Your instructions: From the entries, copy every line that carries the string "Desk".

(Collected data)
============
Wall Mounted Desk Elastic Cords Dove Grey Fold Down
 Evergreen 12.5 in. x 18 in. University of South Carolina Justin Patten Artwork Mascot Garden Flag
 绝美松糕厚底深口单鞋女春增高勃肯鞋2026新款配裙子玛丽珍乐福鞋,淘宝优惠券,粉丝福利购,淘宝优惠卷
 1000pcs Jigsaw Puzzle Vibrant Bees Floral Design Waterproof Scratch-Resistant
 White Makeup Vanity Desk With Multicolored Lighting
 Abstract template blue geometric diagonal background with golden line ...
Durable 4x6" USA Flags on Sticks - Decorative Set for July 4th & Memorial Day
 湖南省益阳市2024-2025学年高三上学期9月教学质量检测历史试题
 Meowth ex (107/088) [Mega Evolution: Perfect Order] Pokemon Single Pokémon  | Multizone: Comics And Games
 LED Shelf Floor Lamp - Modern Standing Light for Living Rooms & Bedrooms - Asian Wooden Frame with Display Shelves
============
Response:
Wall Mounted Desk Elastic Cords Dove Grey Fold Down
 White Makeup Vanity Desk With Multicolored Lighting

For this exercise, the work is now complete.